As promised in my previous post , this post is about using Kobo Toolbox as a data collection tool for archaeology. I also address important issues that have materialized as I design and use forms in Kobo Toolbox.
What is Kobo Toolbox? Kobo Toolbox is an open source suite of tools for the collection and analysis of humanitarian data- especially in remote places or after a disaster. Kobo Toolbox is comprised of three different tools, one for form design, one for data collection and another for data analysis (the latter is rather simple and won’t be discussed here). Kobo Toolbox can be used from their website or installed on a local server. It was designed by a fairly large collective organized by the Harvard Humanitarian Initiative and supported by lots of heavy hitters, including the United Nations, the International Rescue Committee and US government- through USAID. It is very well supported and has a very active and dynamic user and collaborator community.It appears to be sustainable. Similarly, the data collection form is based upon Enketo, another open source, well supported and actively growing tool.
Why Kobo Toolbox? First and most importantly, Kobo Toolbox is device independent (though there is an Android app as well). Instead of operating via an app, it runs as a webform that can be accessed through a browser on any device that can run a browser (browser does need to be updated to handle HTML5; Google Chrome seems to be the best at this point; see this). With the expansion of the use of smartphones throughout the world, this is incredibly significant. Anyone with a device with a browser can collect data. Personally, in trying to devise ways to collect archaeological data digitally, I purchased software and hardware into the $1000s- and I was doing it “on the cheap”. As my two iPads aged substantially between field seasons, I became increasingly frustrated because the expectation was that I was going to need to purchase new iPads in the near future- I was stuck in the technology treadmill. The system was unsustainable. With Kobo Toolbox, an inexpensive smart phone (yes, they do exist) is all one needs. Data collection becomes much less restricted and the opportunities for collaboration with interested communities, especially in remote places, is much, much greater.
Second, web forms can be used OFF-LINE! That’s right, a WEB form that can be used OFF-LINE. This is essential for nearly all situations in archaeology. Even if you have access to the internet (through nearby WiFi or a cellular data connection), it is likely that your connection will be cut at some point- usually the most inconvenient one- leaving you unable to collect data. Not with Kobo Toolbox. You can continue to collect data; it will upload and synchronize once a data connection has been reestablished. How much data is based upon the browser and settings with the browser; here’s details for Google Chrome. Important update: questions are stored in question banks that can now be shared!

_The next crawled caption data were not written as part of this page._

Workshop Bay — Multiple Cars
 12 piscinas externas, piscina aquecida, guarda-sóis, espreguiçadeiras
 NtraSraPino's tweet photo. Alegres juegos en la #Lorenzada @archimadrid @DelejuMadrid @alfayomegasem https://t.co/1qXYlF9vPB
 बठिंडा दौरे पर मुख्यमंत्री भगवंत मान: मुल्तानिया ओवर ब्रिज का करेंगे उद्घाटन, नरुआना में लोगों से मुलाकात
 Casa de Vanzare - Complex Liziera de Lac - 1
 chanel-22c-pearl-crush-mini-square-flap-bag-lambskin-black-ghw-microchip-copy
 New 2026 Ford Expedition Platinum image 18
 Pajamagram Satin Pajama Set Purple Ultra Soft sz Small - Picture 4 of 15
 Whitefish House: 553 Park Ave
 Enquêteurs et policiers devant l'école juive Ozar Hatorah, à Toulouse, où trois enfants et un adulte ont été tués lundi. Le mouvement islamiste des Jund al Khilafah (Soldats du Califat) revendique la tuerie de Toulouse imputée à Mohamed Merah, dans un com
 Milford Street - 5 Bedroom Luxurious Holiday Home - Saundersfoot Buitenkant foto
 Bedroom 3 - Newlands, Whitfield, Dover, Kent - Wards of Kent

Third, Kobo Toolbox includes an intuitive form design tool via the web. Most importantly, this means that the “learning curve” or threshold is very low. I was able to create basic forms in minutes the very first time I tried the tool. However, for more advanced data collection, the web design tool can be nearly as complicated as one desires. Data types are varied and include everything from alphanumeric to GPS location to images and audio. There are some qualifiers here; for example, barcodes can be collected using the Android app, but not the web form. Data can be collected by radio buttons, check boxes, drop down lists and many other ways. Options include skip logic (i.e. show certain questions based upon the response to previous questions) and validation criteria, both of which increase ease of use and the reliability of the data. Form construction can be even more complex if XLSforms (http://xlsform.org/ )(based upon the open standard XForms; https://www.w3.org/MarkUp/Forms/ ) are used. XLSforms can be designed using the ubiquitous Microsoft Excel (LibreOffice Calc (https://www.libreoffice.org/discover/calc/ ) could be used as well and the file saved as .xls). The tool, therefore, is incredibly easy to use from the very beginning, but can be as complex as the user demands.
How about a quick example? In the fall of 2015, I taught a course entitled “Historical Ecology of the Lehigh Gap” at Muhlenberg College, which was “clustered” with another course, “Degradation and Restoration” taught by my colleague Kimberly Heiman. As a component of this course, we mapped plant distributions along a transect through the Lehigh Gap Nature Center. The Lehigh Gap is a Superfund site contaminated by heavy metals from a zinc factory. The purpose of the transect was to identify different plants that represented degraded or restored communities. I created the form (see example) in an evening and shared the link with the students.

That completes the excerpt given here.